🤖 AI Summary
This work addresses the limitation imposed by permutation invariance in Vision Transformers (ViTs), which constrains their modeling capacity. To mitigate this, the authors propose Fractal ViT, the first approach to adapt the register mechanism—originally developed in position-encoding-free language models—to the visual domain. The method introduces structured attention masks between regular and summary tokens and systematically evaluates its effectiveness in conjunction with various positional encoding schemes. This exploration demonstrates the feasibility of cross-modal architectural transfer and offers a novel perspective on breaking the permutation symmetry inherent in standard ViTs.

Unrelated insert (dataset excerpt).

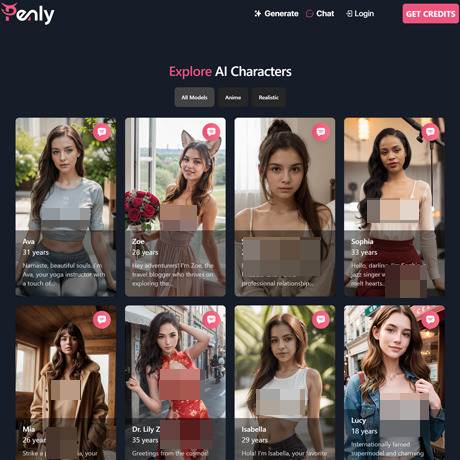 Penly – AI Sex Chat with Realistic and Anime Bot Personalities Penly – AI Sex Chat with Realistic and Anime Bot Personalities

Empirical results indicate that, under the current experimental settings, Fractal ViT does not surpass the performance of a standard ViT equipped with registers, suggesting that the efficacy of such mechanisms may be contingent upon model scale or task-specific characteristics.
📝 Abstract
Drawing inspiration from recent findings including surprisingly decent performance of transformers without positional encoding (NoPE) in the domain of language models and how registers (additional throwaway tokens not tied to input) may improve the performance of large vision transformers (ViTs), we invent and test a variant of ViT called fractal ViT that breaks permutation invariance among the tokens by applying an attention mask between the regular tokens and ``summary tokens''similar to registers, in isolation or in combination with various positional encodings. These models do not improve upon ViT with registers, highlighting the fact that these findings may be scale, domain, or application-specific.